Problem to solve ▸
Begin at the line containing "Descarcă pasăre negru" and copy exactly through the last line of the listing, skipping every picture.

::: Input material :::

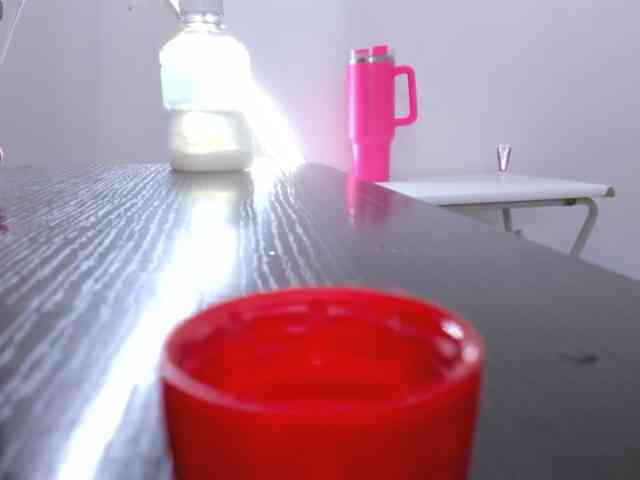 Steixy webcam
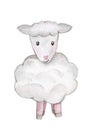 Lamb Sheep Watercolor Illustration. Hand drawn cartoon young sheep set isolated on white background. Cute illustration of animal f Royalty Free Stock Photo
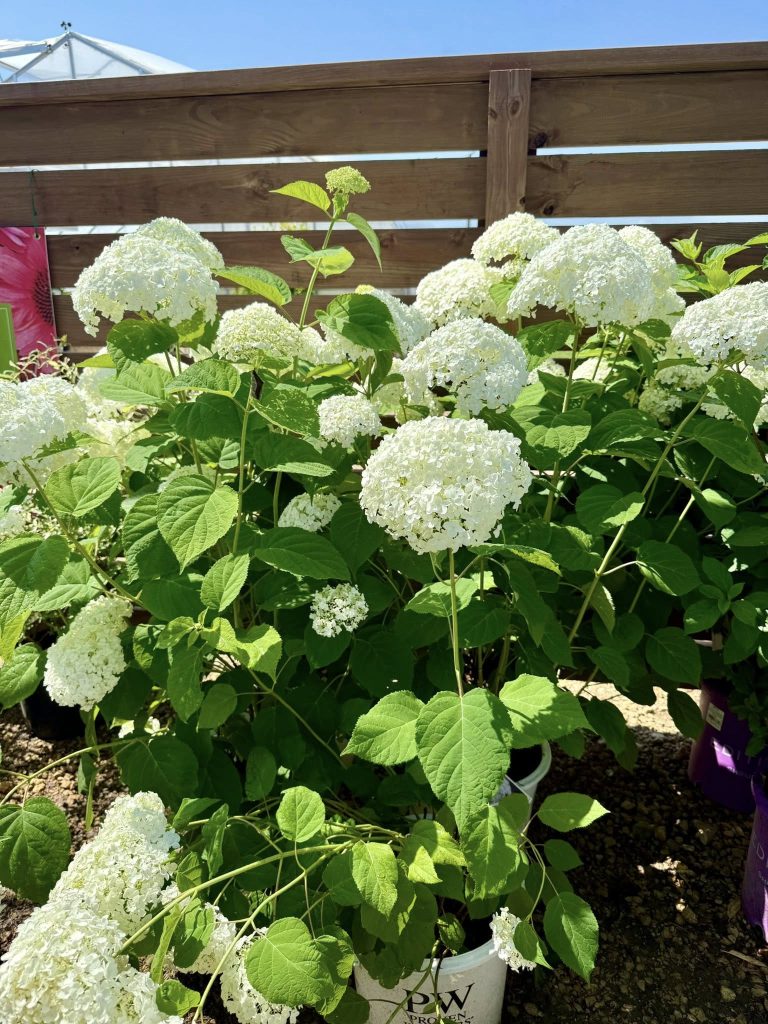 Smooth hydrangeas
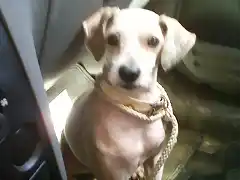 Panchito le gusta el coche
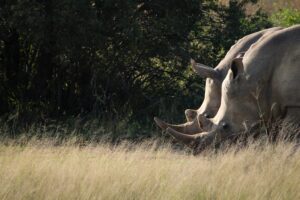Rhinos on Laikipia grassland during a private conservation safari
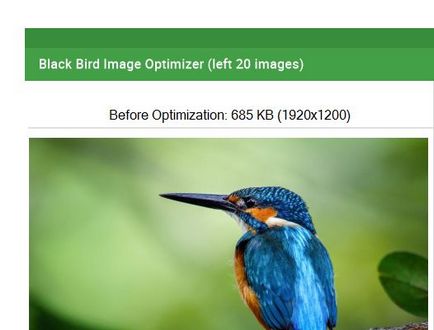 Descarcă pasăre negru imagine optimizer versiunea în limba engleză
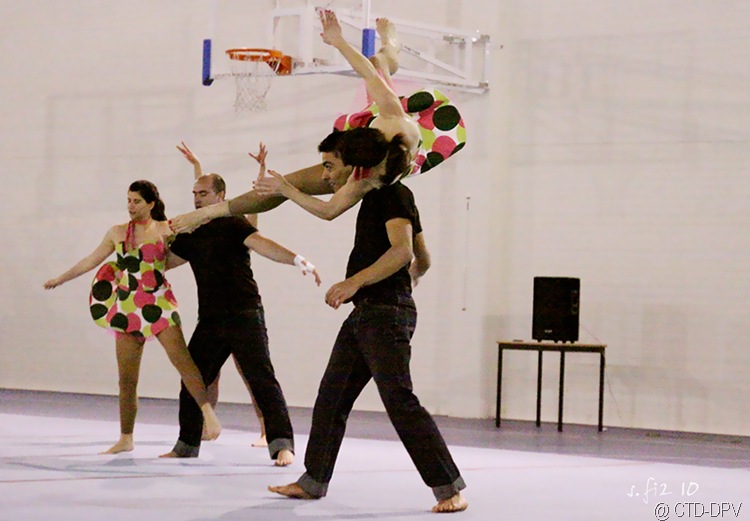 [sarau dpv 250 copy[2].jpg]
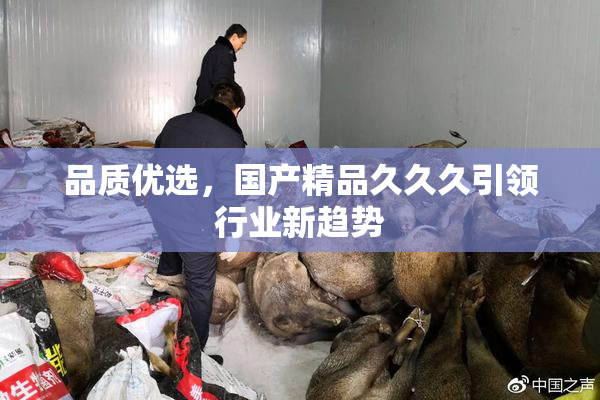 品质优选，国产精品久久久引领行业新趋势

:::

Task answer ▸
 Descarcă pasăre negru imagine optimizer versiunea în limba engleză
 [sarau dpv 250 copy[2].jpg]
 品质优选，国产精品久久久引领行业新趋势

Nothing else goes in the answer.